Discrimination is one of the most important problems in social media. Solutions generally does not include discrimination towards health and mental health. Studies showed that; "Young adults ages 18 to 28 years old who have experienced frequent discrimination have a higher risk of short-term and long-term behavioral and mental health problems, according to a new UCLA study." (https://www.everydayhealth.com/emotional-health/young-people-who-experience-frequent-discrimination-more-likely-to-have-behavioral-and-mental-problems/)
Discrimination Detection uses natural language processing (NLP) to analyse text from social media and provide feedback to users on the level of discrimination in their text, along with suggestions for how to rewrite it.
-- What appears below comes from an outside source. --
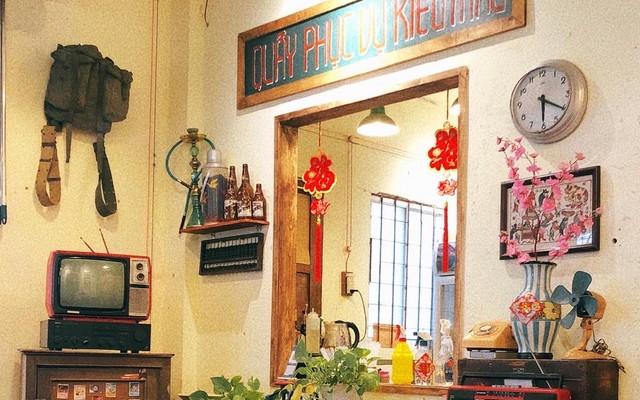 Tiệm Cà Phê Kiểu Mẫu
- Twitter Webscraping with Snscrape (https://github.com/JustAnotherArchivist/snscrape)
- 210.000 discriminatory tweets
- 100.000 control group (without specific discriminatory word, random tweets)
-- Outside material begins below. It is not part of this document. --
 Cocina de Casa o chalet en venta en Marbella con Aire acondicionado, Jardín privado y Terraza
- Discrimination category detection
- Discrimination level detection & suggestions 2.1. Analysis of most liked and retweeted tweets
- Scrap a diverse dataset of discriminatory language from Twitter covering gender, race, ethnicity, sexual orientation, mental health, and health related keywords.
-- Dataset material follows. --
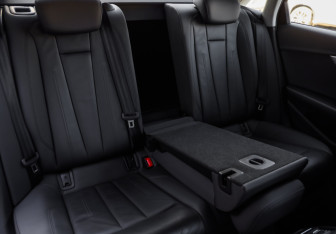 Подержанный автомобиль Audi A4 Sedan 2020 года (28 фото)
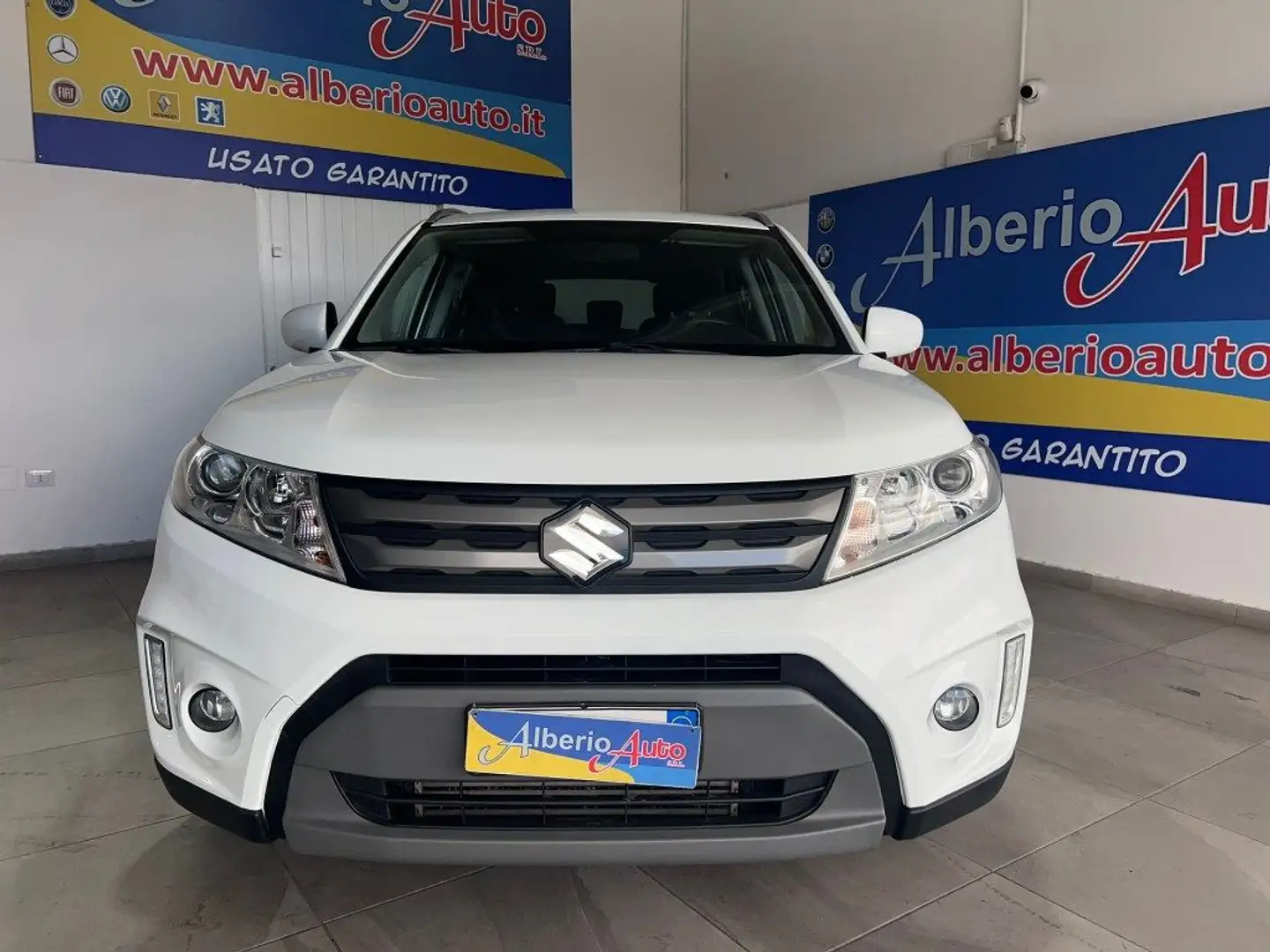 Suzuki Vitara 1.6 DDiS V-Cool S&S 2WD Bianco - 2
- Clean the data by removing unnecessary words, urls, emoji and characters.
- Extract key features from text to train ML models, using approaches bag of words, TF-IDF.
- Sentiment Analysis with the dataset ( for both discriminatory and control groups)
- Train ML models on extracted features to classify given text by discrimination level and give suggestion based on that level.
- Evaluate the performance of the model using various metrics such as accuracy, precision, recall, and F1-score.
- Use cross-validation techniques to ensure the model does not overfit the training data.
- Develop an user interface that allows users to input text and receive feedback on the level of discrimination in their writing, along with suggestions.
- Preperation of presentation and presenting the project.
Future Step 1 - Gather feedback from users and apply it to enhance the machine learning model and user interface over time.
Future Step 2 - Regularly update the model with new data and capabilities to ensure it stays current with the latest trends and language used on social media.